The cost revealed in the book is double the amount shared by the Finance Ministry in the Economic Survey of Pakistan. A loss of $252 billion actually amounts to 93 percent of the total size of Pakistan’s economy.
“The estimated total cost of terrorism to the economy of Pakistan up to 2017-18 is $251.8 billion”, states the book. It also noted that the war on terror incurred an aggregate indirect cost of $179.1 billion with the direct cost amounting to $72.7 billion.
On the other hand, the assistance provided by the US after Pakistan joined the war in Afghanistan stands at $33 billion. Even in this $33 billion, more than two-thirds was in lieu of security assistance, which was given usually as reimbursement from the Coalition Support Fund.
The book has also pointed out that the methodology adopted by the finance ministry to estimate the cost of the war against terror is ‘defective’. The total cost to economy estimated by the finance ministry was reported as around $127 billion.

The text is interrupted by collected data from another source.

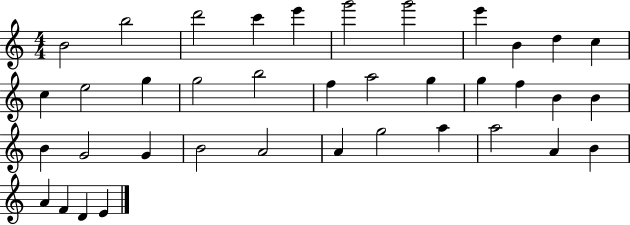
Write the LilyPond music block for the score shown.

{
  \clef treble
  \numericTimeSignature
  \time 4/4
  \key c \major
  b'2 b''2 | d'''2 c'''4 e'''4 | g'''2 g'''2 | e'''4 b'4 d''4 c''4 | \break c''4 e''2 g''4 | g''2 b''2 | f''4 a''2 g''4 | g''4 f''4 b'4 b'4 | \break b'4 g'2 g'4 | b'2 a'2 | a'4 g''2 a''4 | a''2 a'4 b'4 | \break a'4 f'4 d'4 e'4 | \bar "|."
}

The author noted that the ministry considered the largest cost item to be a reduction in tax collection. However, the actual cost is a reduction in the overall tax base, not just revenues.
Furthermore, the book identifies that more than 70,000 people have been killed in Pakistan for war on terror. Over 35 percent of these people are civilians while 11 percent are security personnel.
Whereas, 54 percent of the killed people are terrorists. Moreover, the erstwhile Federally Administered Tribal Areas experienced the highest incidents of terrorism, followed by Khyber Pakhtunkhwa and Balochistan.
Pakistan also saw a massive influx of three million refugees after the 9/11 terrorist attacks. From 2002 onwards, the incidents of suicide attacks and bombings increased drastically, marking a peak of 76 in 2008 after which they declined gradually to 43 in 2013.